Question
$\displaystyle x^2-4=0 $
Attempt
Using the Formula I got 4
Is my answer correct?
From what you learned about factoring quadratics and special factoring formulas, you know that the above can be restated as:
. . . . .$\displaystyle (x\, -\, 2)(x\, +\, 2)\,=\, 0$
What result do you get when you solve the factors?
The Quadratic Formula gives a result (using a = 1, b = 0, and c = -4) that agrees with the "by factoring" result. What formula did you use?
Note: The answer to any "solving" problem can be checked by plugging it back into the original exercise.
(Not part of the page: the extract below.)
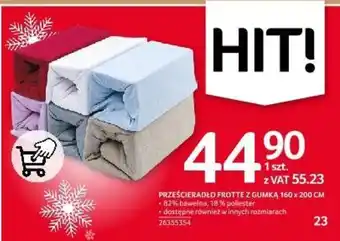 Selgros PRZEŚCIERADŁO FROTTE Z GUMKĄ 160 x 200 CM oferta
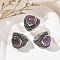 Natural Amethyst Adjustable Rings, Lead Free & Cadmium Free, Antique Silver Plated Brass Finger Rings for Women, 22.5mm, Inner Diameter: 17mm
In your case:
. . . . .$\displaystyle x^2\, -\, 4\, =\, (4)^2\, -\, 4\, =\, 16\, -\, 4\, =\, 12\, \neq \, 0$
no
and the purpose of adding zero to the left side was...?
-4 is your constant term, that is the "c" in your formula. thus you have a = 1, b = 0 and c = -4
applying the quadratic formula, we have
$\displaystyle x = \frac {-0 \pm \sqrt{0^2 - 4(1)(-4)}}{2(1)} = \frac {\pm \sqrt{16}}{2} = \pm \frac 42 = \pm 2$
for problems like these, the quadratic formula is overkill. either do what stapel did, or just add 4 to both sides and then square root both sides (and remember that the right side will have a +/- with it, since there are two square roots to a number)